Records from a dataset
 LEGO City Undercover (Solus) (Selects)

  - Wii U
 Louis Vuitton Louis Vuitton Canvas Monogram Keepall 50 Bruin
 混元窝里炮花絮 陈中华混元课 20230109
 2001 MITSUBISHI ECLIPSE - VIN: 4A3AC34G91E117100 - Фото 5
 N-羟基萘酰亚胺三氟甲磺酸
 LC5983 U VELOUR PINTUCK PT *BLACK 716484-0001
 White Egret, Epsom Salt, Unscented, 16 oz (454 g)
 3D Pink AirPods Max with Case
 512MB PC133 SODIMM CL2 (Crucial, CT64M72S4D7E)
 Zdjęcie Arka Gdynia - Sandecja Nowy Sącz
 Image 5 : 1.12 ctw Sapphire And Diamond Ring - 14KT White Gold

* YOUR INSTRUCTIONS
Return the lines beginning at the one that contains "混元窝里炮花絮 陈中华混元课 20230109" and continuing through the last line of the data, exactly as they stand and without any others.

* SOLUTION
 混元窝里炮花絮 陈中华混元课 20230109
 2001 MITSUBISHI ECLIPSE - VIN: 4A3AC34G91E117100 - Фото 5
 N-羟基萘酰亚胺三氟甲磺酸
 LC5983 U VELOUR PINTUCK PT *BLACK 716484-0001
 White Egret, Epsom Salt, Unscented, 16 oz (454 g)
 3D Pink AirPods Max with Case
 512MB PC133 SODIMM CL2 (Crucial, CT64M72S4D7E)
 Zdjęcie Arka Gdynia - Sandecja Nowy Sącz
 Image 5 : 1.12 ctw Sapphire And Diamond Ring - 14KT White Gold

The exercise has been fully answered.